The appropriateness of the t-distribution rests on two conditions:
1.  The population standard deviation $\sigma$ is unknown.
2.  The sample comes from a normally distributed population, OR the sample size ($n$) is sufficiently large (typically $n \ge 30$) for the Central Limit Theorem to apply, ensuring the sampling distribution of the mean is approximately normal.

The formula for the t-interval is:
$$ \text{CI} = \overline{x} \pm t_{\alpha/2, n-1} \cdot \frac{s}{\sqrt{n}} $$

Where $t_{\alpha/2, n-1}$ is the critical value from the t-distribution with $n-1$ degrees of freedom.

## Step 1: Define Given Parameters

We begin by defining the parameters provided for the network round-trip time (RTT) data.

In [1]:
# --- Problem Parameters ---
n = 60          # Sample size (number of packets)
x_bar = 118     # Sample mean (in ms)
s = 32          # Sample standard deviation (in ms)
confidence_level = 0.95

## Step 2: Justify the Use of the t-Distribution

The problem asks why the t-distribution is appropriate here. There are two key reasons:

1.  **Unknown Population Standard Deviation ($\sigma$):** The problem provides the *sample* standard deviation ($s = 32$ ms), not the population standard deviation. We are using an estimate based on our data, which is the primary condition for using the t-distribution instead of the z-distribution.
2.  **Sufficiently Large Sample Size:** The sample size is $n=60$. Since $60 \ge 30$, the Central Limit Theorem ensures that the sampling distribution of the sample mean ($\overline{x}$) will be approximately Normal, even if we don't know the distribution of the underlying round-trip times. This satisfies the second condition for the valid application of the t-interval.

## Step 3: Determine Degrees of Freedom and Critical Value (t)

The shape of the t-distribution depends on the degrees of freedom (df), calculated as $n-1$. We then find the critical t-value for our 95% confidence level.

In [2]:
import scipy.stats as stats

# Calculate Degrees of Freedom (df)
df = n - 1

# Determine the critical t-value
alpha = 1 - confidence_level
t_critical = stats.t.ppf(1 - alpha / 2, df=df)

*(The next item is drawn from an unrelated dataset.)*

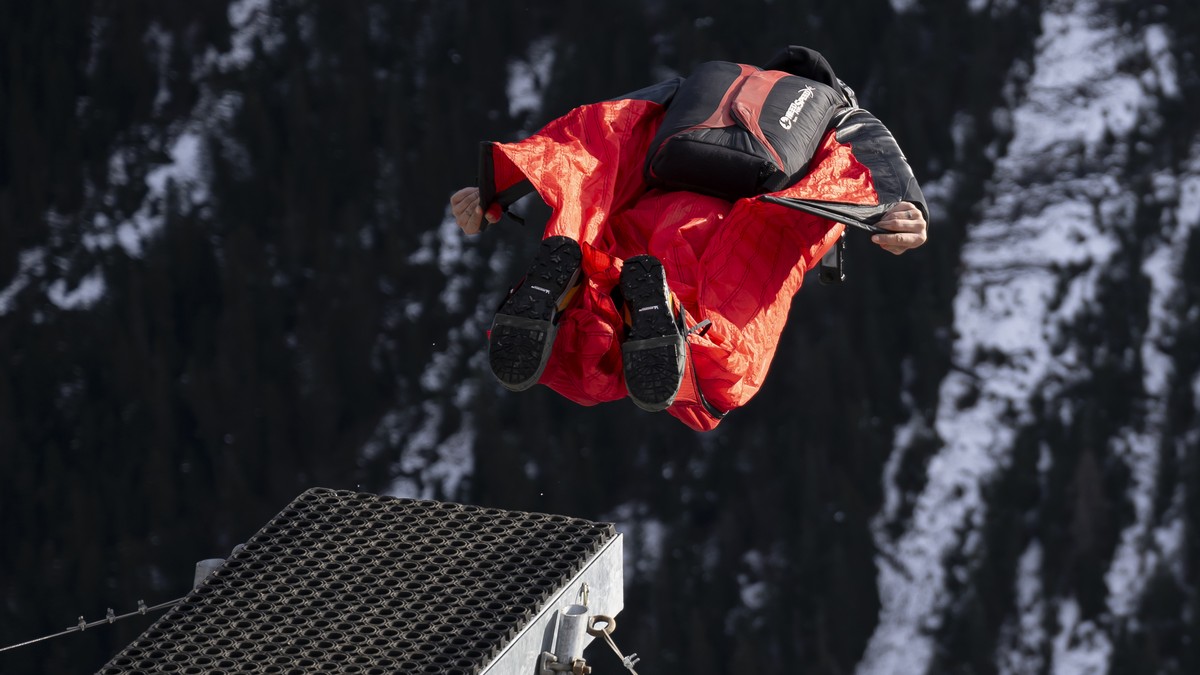 Base-Jumper-st-rzt-in-Waadtl-nder-Alpen-in-den-Tod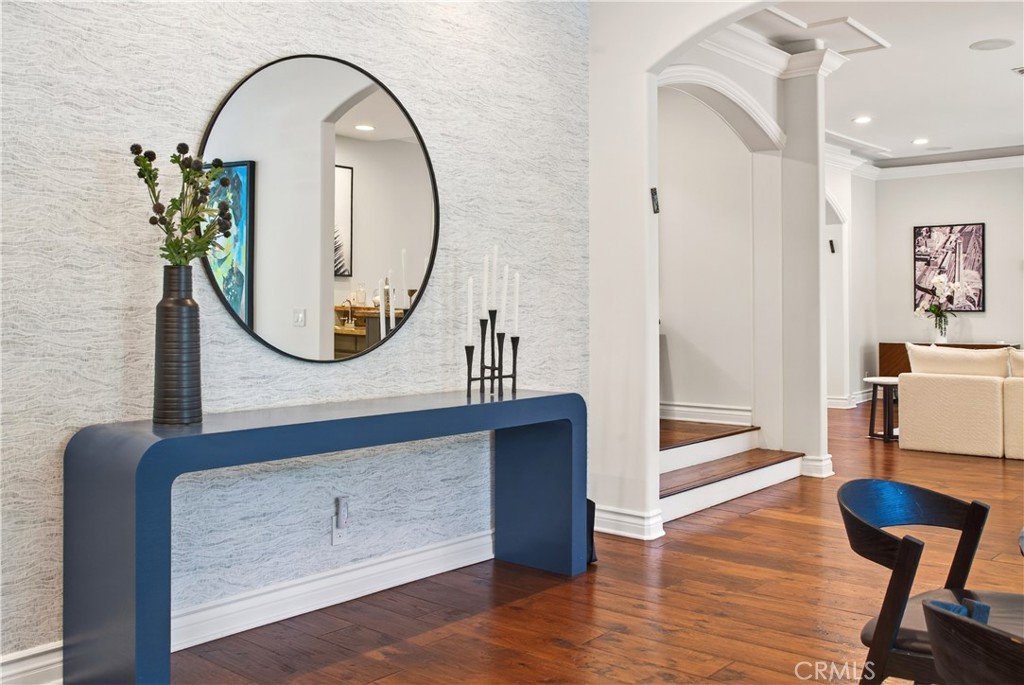 25527 Hamilton Court Calabasas, CA 91302 - Photo 15 of 56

print(f"Degrees of Freedom (df): {df}")
print(f"Confidence Level: {confidence_level:.0%}")
print(f"Critical t-value (t_α/2, {df}): {t_critical:.4f}")

Degrees of Freedom (df): 59
Confidence Level: 95%
Critical t-value (t_α/2, 59): 2.0010


## Step 4: Calculate the Margin of Error and Confidence Interval

Using the formula, we can now compute the interval for the true mean RTT.

In [3]:
import numpy as np

# Calculate the Standard Error of the Mean (SEM)
sem = s / np.sqrt(n)

# Calculate the Margin of Error (E)
margin_of_error = t_critical * sem

# Calculate the Confidence Interval bounds
lower_bound = x_bar - margin_of_error
upper_bound = x_bar + margin_of_error

print("--- Calculation Results ---")
print(f"Standard Error of the Mean (SEM): {sem:.4f} ms")
print(f"Margin of Error (E): {margin_of_error:.4f} ms")
print(f"\n95% Confidence Interval for the true mean RTT (μ):")
print(f"({lower_bound:.4f} ms, {upper_bound:.4f} ms)")

--- Calculation Results ---
Standard Error of the Mean (SEM): 4.1312 ms
Margin of Error (E): 8.2665 ms

95% Confidence Interval for the true mean RTT (μ):
(109.7335 ms, 126.2665 ms)


## Step 5: Interpretation

**Computed 95% Confidence Interval: (109.7335 ms, 126.2665 ms)**

**Interpretation:**

We are 95% confident that the true average round-trip time for network packets is between approximately 109.7 ms and 126.3 ms. This interval provides a range of plausible values for the true mean, based on our sample of 60 packets. The method used ensures that if we were to repeat this sampling process many times, 95% of the intervals we construct would capture the true population mean.